When Members of Their Community Weren’t Getting Public Health Information, These Nonprofits Came Together To Change It

January 18, 2021
Members of RISE host a live video presentation in Spanish to share information on COVID-19 safety precautions with the Latino community of Grays Harbor.

When it’s a matter of public health, getting information out is critical.

So, when Spanish-speaking residents of Grays Harbor County weren’t receiving timely information about the Coronavirus pandemic, nonprofits in the area came together to do something about it.

In the early months of the pandemic, nonprofits serving the Latino community in Grays Harbor found themselves working overtime to provide needed services and support.

“Probably the scariest thing was that there wasn’t a lot of information for the community members,” Astrid Aveledo, executive director of the Dispute Resolution Center of Grays Harbor & Pacific Counties (DRC) said. “A lot of us found ourselves in the role of having to be the provider of that information.”

Aveledo began hosting weekly Facebook Live videos through the DRC to answer questions and disseminate information coming from public health. After seeing the videos, a staff member from Grays Harbor Public Health connected Aveledo with other like-minded organizations and a partnership was born. Aveledo began meeting with the department and other nonprofit partners regularly to support information equity in the community.

“At the very beginning, it was really just sharing information [and] identifying needs,” Aveledo said. “I remember one of the first calls we were doing was making suggestions to the website about how those things should change.”

The partnership validated the need for a broader, formal coalition in the county to ensure that information was getting to all Spanish-speaking residents. Latino-identifying staff members from Grays Harbor Public Health, Catholic Community Services, Grays Harbor Community College TRIO, Molina Healthcare, and Firelands Workers United joined the DRC to form RISE – Red de Inclusion Solidaridad y Empoderamiento.

RISE relies heavily on collaboration. Their weekly meetings focus on how they can build on the work each of their organizations is already doing.

“We were noticing attitudes around the mask, and so I remember very early on being like, ‘Can we develop a video in Spanish around mask wearing?’” Aveledo said. “So, we would share resources that we had come across on that topic [with each other] and share it on each of our individual platforms.”

Through the coalition, events hosted by the individual nonprofits become more robust and beneficial to the community. When Catholic Community Services hosted a food distribution event in the fall, the coalition knew well enough in advance to bring in a bilingual Census worker to join the event and help attendees complete the Census.
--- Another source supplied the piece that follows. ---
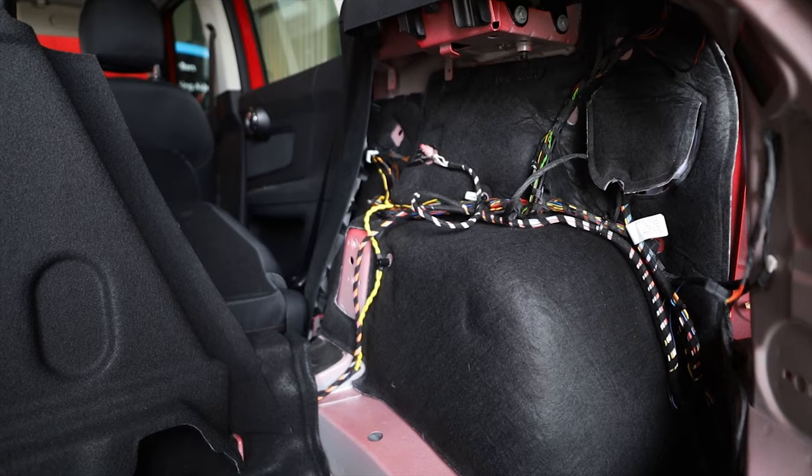In terms of the electrics, and that's the main thing with this system — it's a dedicated electric system. Basically what that means is it goes into given points from the manufacturer, exactly where Mini are approved and want that system to go into.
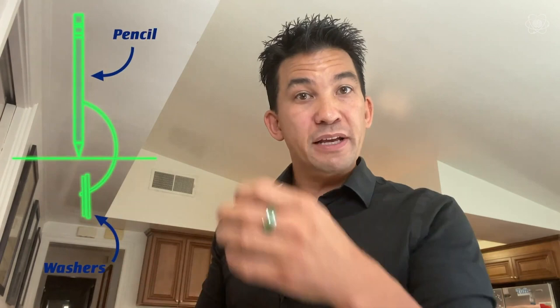Washers underneath the pencil work because the center of mass is directly below the point of support, underneath the table. And with the quarter and the bill, the quarter is so much heavier than the bill that it moved the center of mass all the way to one side. Look around the house — you might find empty items you can put stuff into to move the center of mass. Have fun with it.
They’re also able to reach more members of the community than they would be able to on their own. Some agencies have more direct contact with clients such as the Catholic Community Services. Others are more effective at reaching members via online platforms. Aveledo gives her own personal number out through the DRC so people can reach her directly when they need assistance.

“What we found is that we are all serving the Latino community, but we’re all connected to different parts of it,” Aveledo said.

While they may not reach everyone, each nonprofit has built something critical through their work: trust. By coming together as a unified group, that trust has extended out.

Having the trust of the community will be essential as the vaccine rollout continues across the state. Latinos represent 10 percent of the population in Grays Harbor, Aveledo shared. But in October, the Latino community accounted for 40 percent of COVID-19 cases.

“I would hope that decision makers would be actively consulting us,” Aveledo said. “[And] that [they] would understand RISE is a resource.”

RISE recently established a website and a Facebook page to get information out online as well as in-person through their respective organizations. Their first post was a video containing information on COVID-19 safety precautions. They’ve had good engagement, but Aveledo said that there’s still a lot of work to do when it comes to information equity.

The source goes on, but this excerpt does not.